Return, from the lines below, each one that includes the word "Hotel".

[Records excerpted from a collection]
▬▬▬

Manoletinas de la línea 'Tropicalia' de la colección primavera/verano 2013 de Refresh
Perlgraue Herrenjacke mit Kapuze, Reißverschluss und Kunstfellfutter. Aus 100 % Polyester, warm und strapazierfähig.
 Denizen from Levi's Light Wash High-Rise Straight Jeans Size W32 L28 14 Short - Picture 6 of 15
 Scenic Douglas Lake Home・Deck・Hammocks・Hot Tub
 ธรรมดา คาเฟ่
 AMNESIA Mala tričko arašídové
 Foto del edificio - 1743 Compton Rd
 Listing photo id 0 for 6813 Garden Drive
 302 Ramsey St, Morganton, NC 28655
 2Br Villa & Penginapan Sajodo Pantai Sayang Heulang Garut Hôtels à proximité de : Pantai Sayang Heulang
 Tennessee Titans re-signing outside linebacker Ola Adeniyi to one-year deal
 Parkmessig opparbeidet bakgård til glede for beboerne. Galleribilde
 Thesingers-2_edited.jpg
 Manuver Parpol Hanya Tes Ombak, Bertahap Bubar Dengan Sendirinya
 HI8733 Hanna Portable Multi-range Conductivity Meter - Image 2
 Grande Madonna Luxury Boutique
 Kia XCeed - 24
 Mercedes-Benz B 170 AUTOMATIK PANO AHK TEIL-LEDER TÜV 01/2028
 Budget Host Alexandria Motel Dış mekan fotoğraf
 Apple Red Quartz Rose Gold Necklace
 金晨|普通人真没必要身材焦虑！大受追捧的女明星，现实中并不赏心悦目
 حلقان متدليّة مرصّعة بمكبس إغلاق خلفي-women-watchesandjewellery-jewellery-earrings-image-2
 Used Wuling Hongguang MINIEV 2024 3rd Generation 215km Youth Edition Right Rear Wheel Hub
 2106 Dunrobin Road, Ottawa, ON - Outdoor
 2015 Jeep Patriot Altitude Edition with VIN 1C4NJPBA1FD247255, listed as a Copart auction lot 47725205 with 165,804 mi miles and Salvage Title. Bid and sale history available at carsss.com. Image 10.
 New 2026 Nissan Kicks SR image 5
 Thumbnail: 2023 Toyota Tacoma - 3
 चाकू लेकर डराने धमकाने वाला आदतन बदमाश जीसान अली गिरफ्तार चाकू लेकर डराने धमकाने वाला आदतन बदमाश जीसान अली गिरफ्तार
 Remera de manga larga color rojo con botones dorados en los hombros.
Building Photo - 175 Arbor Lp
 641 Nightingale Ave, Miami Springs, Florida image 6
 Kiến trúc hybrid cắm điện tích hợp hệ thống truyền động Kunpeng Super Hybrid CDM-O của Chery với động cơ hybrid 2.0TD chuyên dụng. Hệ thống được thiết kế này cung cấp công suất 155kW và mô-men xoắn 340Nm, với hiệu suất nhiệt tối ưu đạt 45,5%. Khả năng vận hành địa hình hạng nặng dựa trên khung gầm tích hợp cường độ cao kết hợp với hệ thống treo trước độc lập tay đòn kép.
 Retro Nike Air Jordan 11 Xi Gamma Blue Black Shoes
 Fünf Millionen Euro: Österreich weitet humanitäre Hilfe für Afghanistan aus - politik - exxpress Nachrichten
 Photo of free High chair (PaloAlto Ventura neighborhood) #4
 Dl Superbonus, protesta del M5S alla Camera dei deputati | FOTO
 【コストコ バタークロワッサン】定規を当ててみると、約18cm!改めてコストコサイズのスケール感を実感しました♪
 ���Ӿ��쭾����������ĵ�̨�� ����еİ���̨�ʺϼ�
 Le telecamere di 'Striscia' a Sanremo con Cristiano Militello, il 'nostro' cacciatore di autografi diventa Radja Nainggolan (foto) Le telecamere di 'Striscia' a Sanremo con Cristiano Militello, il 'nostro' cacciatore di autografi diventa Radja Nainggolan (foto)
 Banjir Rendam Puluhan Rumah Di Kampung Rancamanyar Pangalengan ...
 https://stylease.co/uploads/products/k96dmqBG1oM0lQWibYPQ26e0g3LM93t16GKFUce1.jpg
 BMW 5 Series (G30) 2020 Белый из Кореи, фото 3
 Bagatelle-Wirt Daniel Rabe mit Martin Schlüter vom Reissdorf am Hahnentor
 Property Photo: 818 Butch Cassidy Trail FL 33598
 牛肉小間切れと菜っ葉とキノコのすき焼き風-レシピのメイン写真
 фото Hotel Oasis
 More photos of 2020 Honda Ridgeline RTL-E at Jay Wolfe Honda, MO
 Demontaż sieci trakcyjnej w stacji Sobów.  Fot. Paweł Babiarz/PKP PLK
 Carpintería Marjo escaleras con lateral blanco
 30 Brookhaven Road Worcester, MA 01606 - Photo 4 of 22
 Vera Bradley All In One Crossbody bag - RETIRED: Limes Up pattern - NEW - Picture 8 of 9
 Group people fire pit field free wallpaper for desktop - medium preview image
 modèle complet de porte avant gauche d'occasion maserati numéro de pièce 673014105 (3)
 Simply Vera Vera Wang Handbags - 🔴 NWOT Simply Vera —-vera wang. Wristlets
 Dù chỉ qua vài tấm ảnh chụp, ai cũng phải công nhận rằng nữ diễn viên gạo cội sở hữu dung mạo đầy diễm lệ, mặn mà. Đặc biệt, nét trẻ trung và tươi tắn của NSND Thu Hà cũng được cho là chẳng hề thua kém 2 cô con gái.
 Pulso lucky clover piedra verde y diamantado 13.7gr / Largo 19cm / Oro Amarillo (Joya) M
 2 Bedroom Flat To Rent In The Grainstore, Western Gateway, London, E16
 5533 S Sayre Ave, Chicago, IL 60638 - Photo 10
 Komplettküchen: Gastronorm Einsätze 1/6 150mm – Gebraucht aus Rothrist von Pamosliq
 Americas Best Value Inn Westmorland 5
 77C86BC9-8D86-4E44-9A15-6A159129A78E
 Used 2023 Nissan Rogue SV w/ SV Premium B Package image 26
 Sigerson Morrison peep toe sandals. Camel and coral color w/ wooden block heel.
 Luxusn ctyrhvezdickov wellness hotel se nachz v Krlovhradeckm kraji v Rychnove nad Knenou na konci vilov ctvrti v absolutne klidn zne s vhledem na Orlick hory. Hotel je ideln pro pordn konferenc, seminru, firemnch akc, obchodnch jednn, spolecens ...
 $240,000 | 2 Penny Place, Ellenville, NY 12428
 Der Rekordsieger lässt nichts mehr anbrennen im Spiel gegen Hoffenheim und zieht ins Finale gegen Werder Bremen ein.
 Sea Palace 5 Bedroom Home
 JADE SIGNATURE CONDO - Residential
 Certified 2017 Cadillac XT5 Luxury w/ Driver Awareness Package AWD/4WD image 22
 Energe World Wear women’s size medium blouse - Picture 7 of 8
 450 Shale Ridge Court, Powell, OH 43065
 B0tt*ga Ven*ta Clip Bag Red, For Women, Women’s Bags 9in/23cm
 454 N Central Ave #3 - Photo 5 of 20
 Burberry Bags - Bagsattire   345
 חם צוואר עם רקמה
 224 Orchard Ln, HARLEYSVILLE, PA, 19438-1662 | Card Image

▬▬▬

Response for this exercise —
 фото Hotel Oasis
 Luxusn ctyrhvezdickov wellness hotel se nachz v Krlovhradeckm kraji v Rychnove nad Knenou na konci vilov ctvrti v absolutne klidn zne s vhledem na Orlick hory. Hotel je ideln pro pordn konferenc, seminru, firemnch akc, obchodnch jednn, spolecens ...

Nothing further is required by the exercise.